# Requirement
Extract the whole listing as it stands. Do not include the pictures.

# Provided records
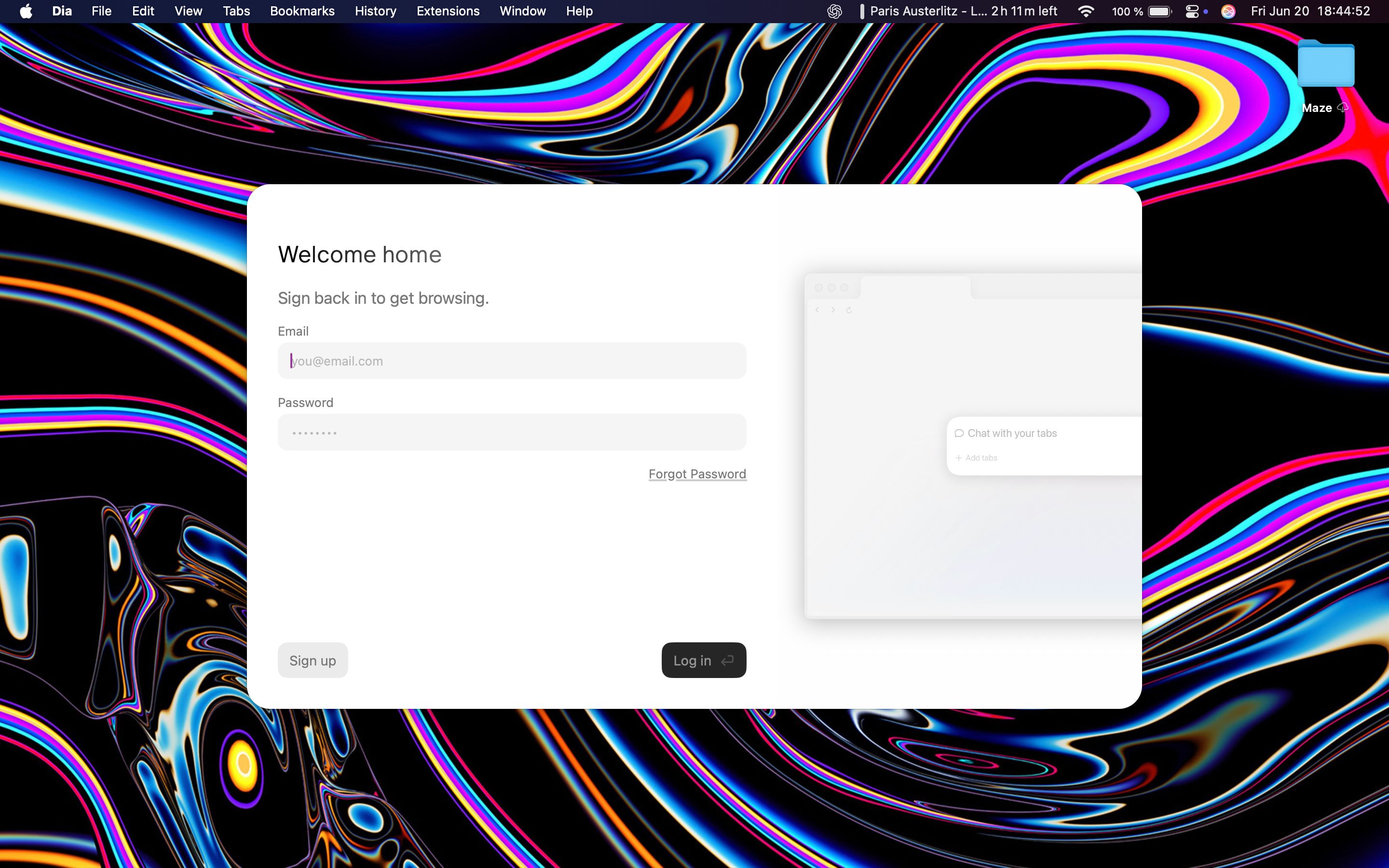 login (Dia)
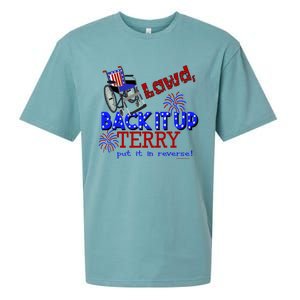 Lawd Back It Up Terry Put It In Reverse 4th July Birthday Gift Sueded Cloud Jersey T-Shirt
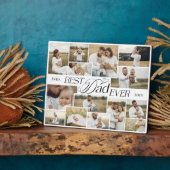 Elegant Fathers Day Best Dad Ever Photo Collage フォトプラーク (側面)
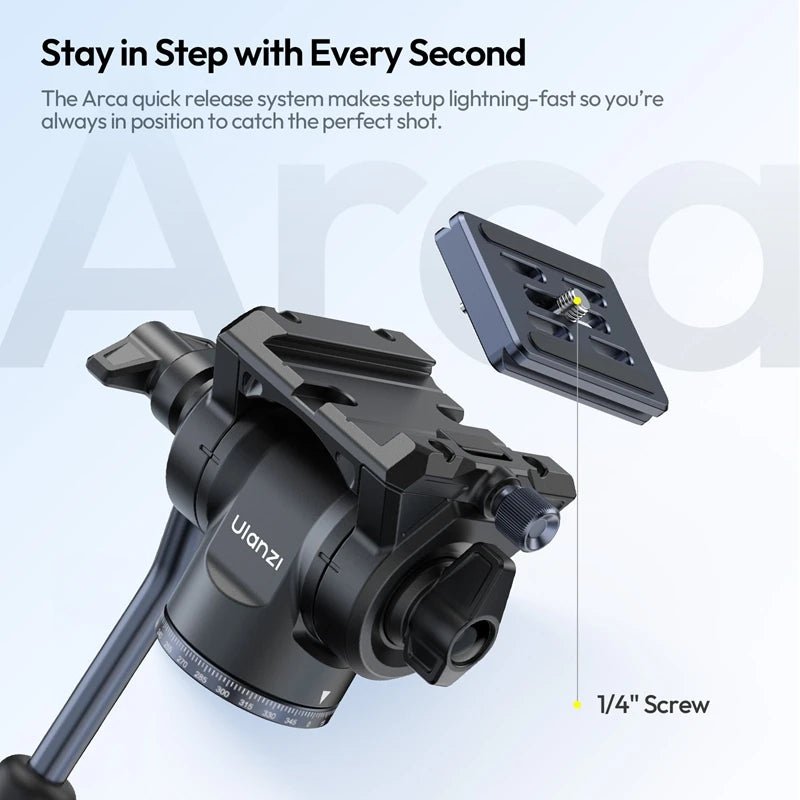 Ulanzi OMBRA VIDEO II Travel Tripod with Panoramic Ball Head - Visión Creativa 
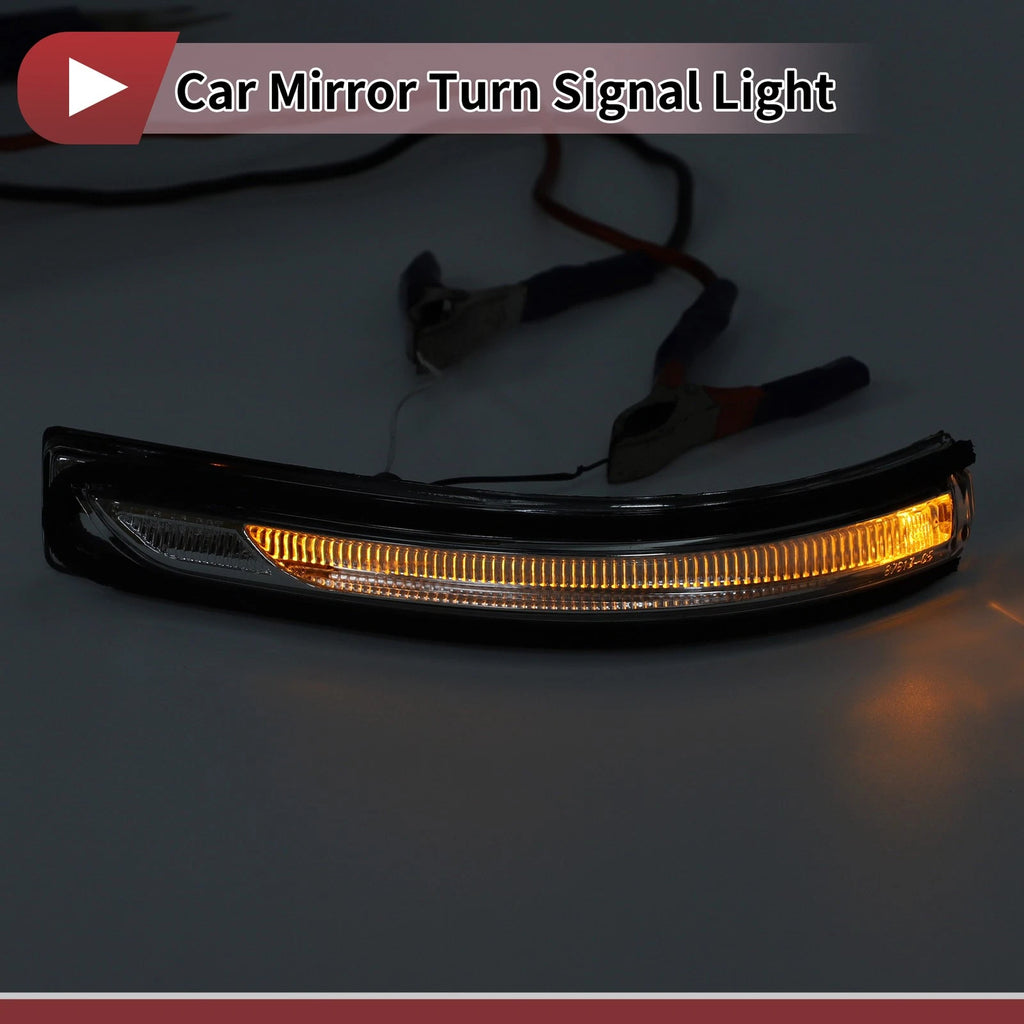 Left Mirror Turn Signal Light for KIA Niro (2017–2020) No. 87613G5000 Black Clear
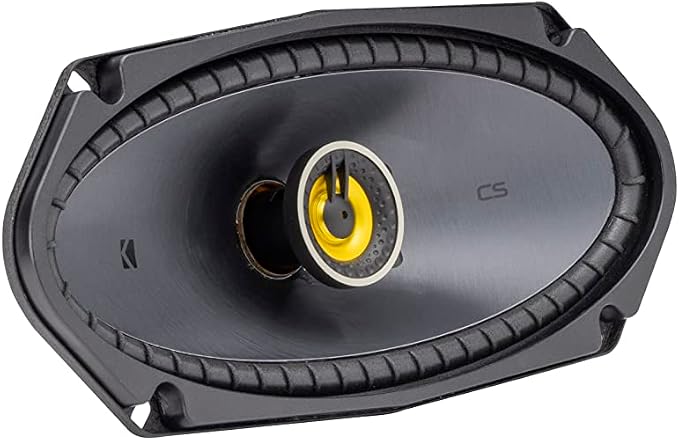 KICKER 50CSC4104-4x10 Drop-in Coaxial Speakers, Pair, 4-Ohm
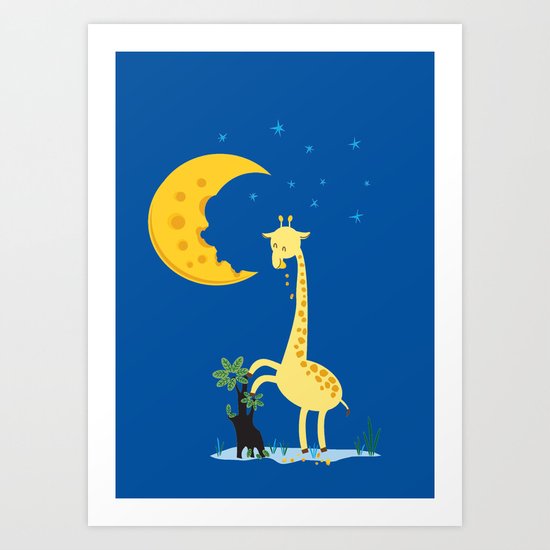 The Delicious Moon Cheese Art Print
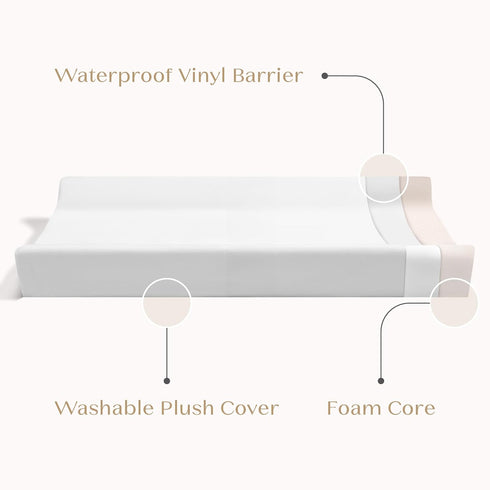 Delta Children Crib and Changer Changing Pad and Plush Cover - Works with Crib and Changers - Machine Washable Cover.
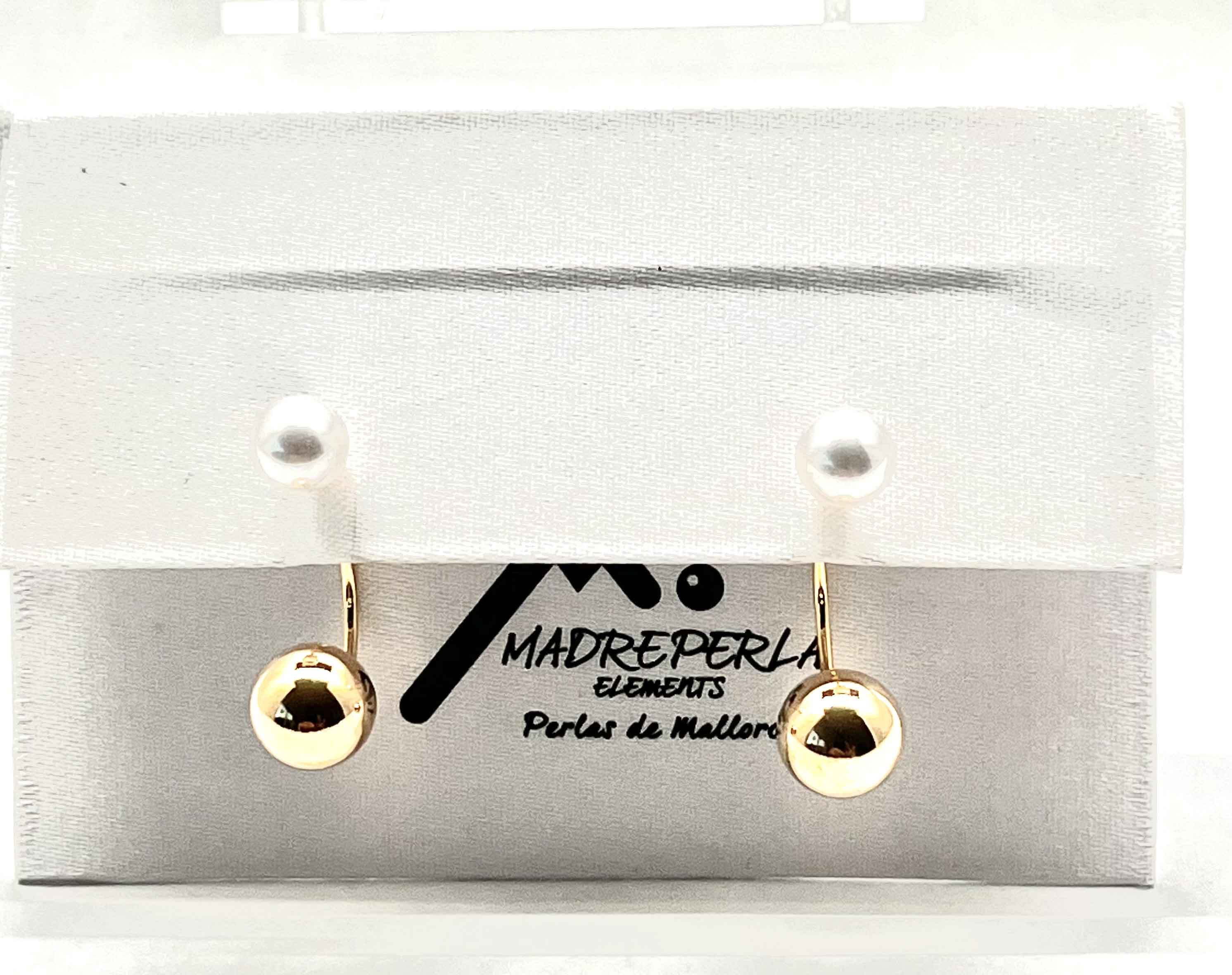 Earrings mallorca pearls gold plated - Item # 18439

# Task result
 login (Dia)
 Lawd Back It Up Terry Put It In Reverse 4th July Birthday Gift Sueded Cloud Jersey T-Shirt
 Elegant Fathers Day Best Dad Ever Photo Collage フォトプラーク (側面)
 Ulanzi OMBRA VIDEO II Travel Tripod with Panoramic Ball Head - Visión Creativa 
 Left Mirror Turn Signal Light for KIA Niro (2017–2020) No. 87613G5000 Black Clear
 KICKER 50CSC4104-4x10 Drop-in Coaxial Speakers, Pair, 4-Ohm
 The Delicious Moon Cheese Art Print
 Delta Children Crib and Changer Changing Pad and Plush Cover - Works with Crib and Changers - Machine Washable Cover.
 Earrings mallorca pearls gold plated - Item # 18439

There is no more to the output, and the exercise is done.